The study of hysteresis loop characteristics testing methods for core materials in extreme low-temperature environments is critical for advanced fields such as superconducting power equipment and deep-space exploration systems. In liquid nitrogen (-196°C) or even liquid helium temperature ranges (-269°C), the magnetic domain motion mechanisms and domain wall pinning effects of core materials undergo significant changes due to reduced lattice vibrations, leading to hysteresis losses that differ by orders of magnitude compared to room-temperature conditions. Conventional hysteresis loop testing setups face challenges in extreme low-temperature applications due to incompatibility with cryogenic vacuum chambers and thermal contraction interference. This necessitates redesigning the thermo-mechanical-magnetic coupling framework of the testing system to ensure synergistic stability among magnetic field excitation coils, flux detection probes, and the sample temperature zone.

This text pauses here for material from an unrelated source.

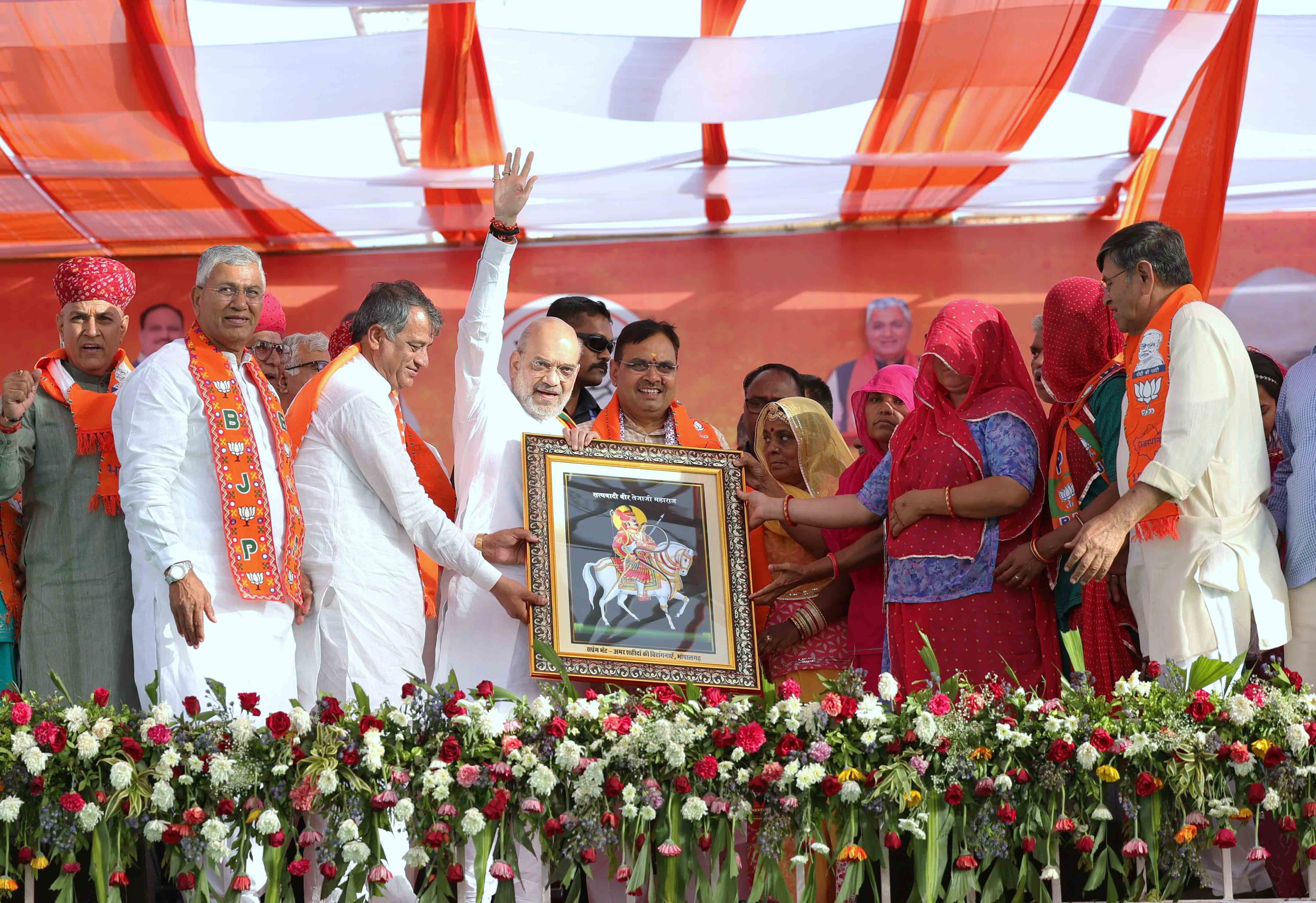 Hon'ble Union Home Minister and Minister of Cooperation Shri Amit Shah addressing a public rally in Pali (Rajasthan)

The core design of the testing system revolves around low-temperature environment simulation and high-precision magnetic field control. A double-layered vacuum-insulated Dewar structure is employed, integrating niobium-titanium superconducting magnets to generate adjustable uniform magnetic fields (0–5 T) and achieving continuous temperature regulation (1.5 K–300 K) via G-M cryocoolers. To prevent deformation of flux detection coils caused by cryogenic contraction, sensors are encapsulated in zero-thermal-expansion composite materials (e.g., Invar alloys) and mechanically levitated at nanometer-level spacing from the sample surface. For diverse core materials like ferrites and amorphous nanocrystalline alloys, customized shaped yokes are required to suppress edge flux leakage, ensuring magnetic field uniformity errors below 0.3% within the test region.

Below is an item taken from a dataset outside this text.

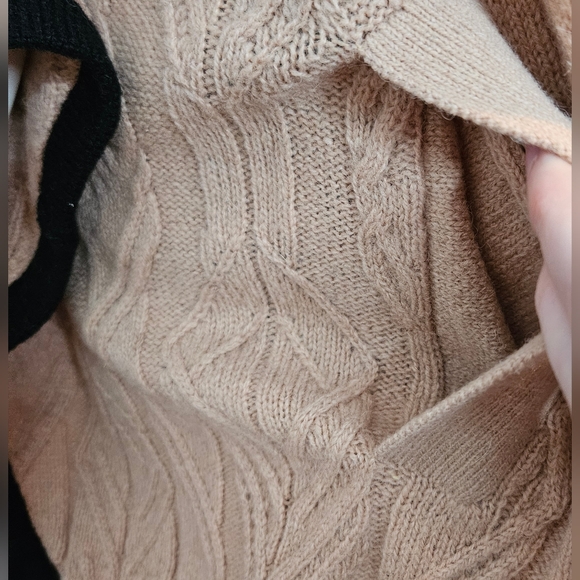 ⭐️ Marc by Marc Jacobs one size button front cape with toggle button sleeves - Picture 12 of 12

Synchronized control of temperature and magnetic fields is pivotal for measurement accuracy. During cooling, PID algorithms dynamically adjust refrigeration power and magnet currents to limit sample temperature fluctuations to ±0.1 K. For instance, when testing Fe-Co-based amorphous alloys, a rapid temperature drop from 300 K to 4.2 K triggers a sudden shift in magnetostriction coefficients to the order of 10^-6, necessitating real-time correction of magnetic field orientation and pre-stress in sample clamping mechanisms to avoid measurement distortions from magneto-elastic coupling effects. Additionally, pulsed heating technology enables rapid local temperature calibration within millisecond windows, effectively isolating thermal relaxation impacts on magnetization curves.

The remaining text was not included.